Cylindrical Convolutional Networks for Joint Object Detection and Viewpoint Estimation
This addresses the challenge of severe viewpoint changes in object detection for computer vision applications, but it is incremental as it builds on existing 2D methods.
The paper tackled the problem of limited spatial invariance in 2D convolutional neural networks for object detection and viewpoint estimation by introducing cylindrical convolutional networks (CCNs) that use 3D cylindrical kernels, resulting in improved performance on joint tasks.
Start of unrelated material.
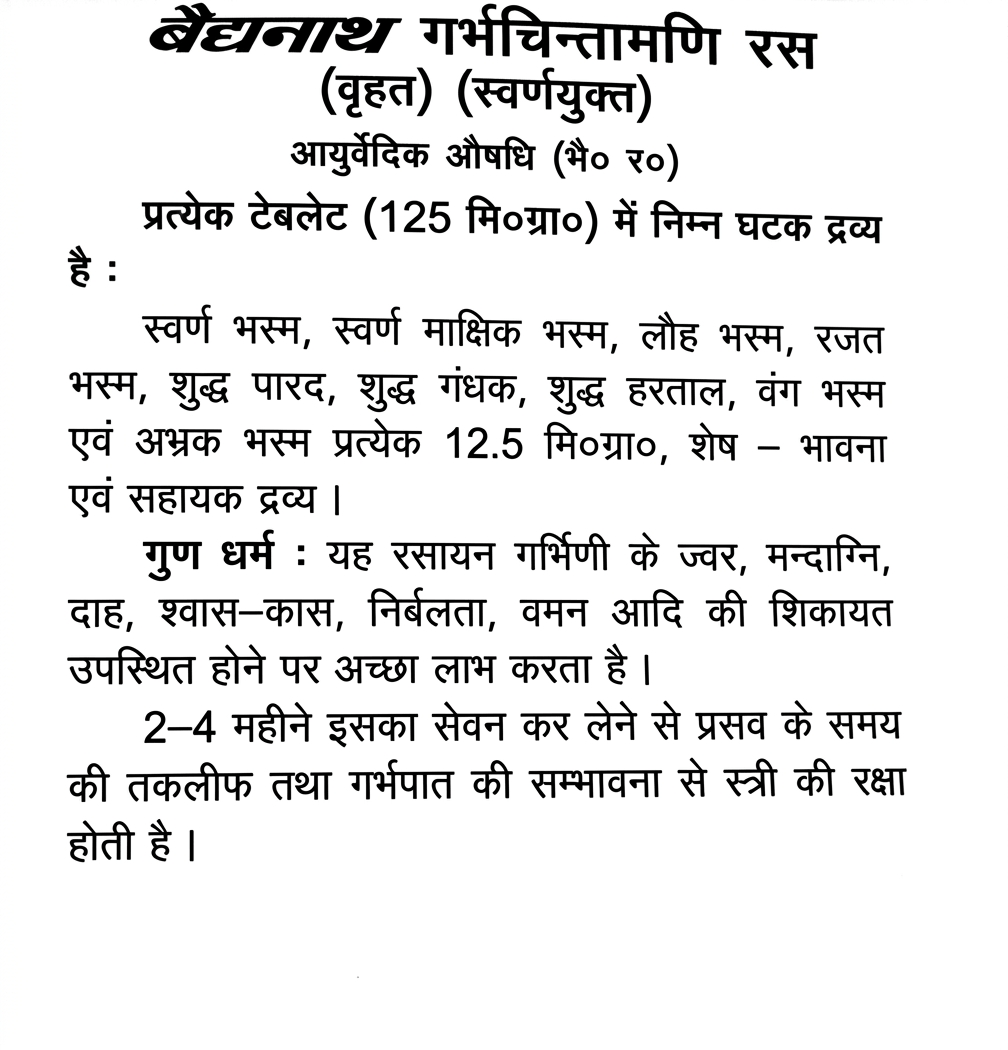 Baidyanath Garbha Chintamani Ras (Vrihat) informational leaflet in Hindi detailing per-tablet composition of 125 mg including Swarna Bhasma, Swarna Makshik Bhasma, Lauh Bhasma, Rajat Bhasma, Shuddha Parad, Shuddha Gandhaka, Shuddha Hartal, Vang Bhasma, and Abhrak Bhasma (each 12.5 mg), therapeutic properties for pregnancy fever, digestive weakness, burning sensation, cough, weakness, and vomiting, along with benefits for safe delivery and prevention of miscarriage | BodyStop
Existing techniques to encode spatial invariance within deep convolutional neural networks only model 2D transformation fields. This does not account for the fact that objects in a 2D space are a projection of 3D ones, and thus they have limited ability to severe object viewpoint changes. To overcome this limitation, we introduce a learnable module, cylindrical convolutional networks (CCNs), that exploit cylindrical representation of a convolutional kernel defined in the 3D space. CCNs extract a view-specific feature through a view-specific convolutional kernel to predict object category scores at each viewpoint. With the view-specific feature, we simultaneously determine objective category and viewpoints using the proposed sinusoidal soft-argmax module. Our experiments demonstrate the effectiveness of the cylindrical convolutional networks on joint object detection and viewpoint estimation.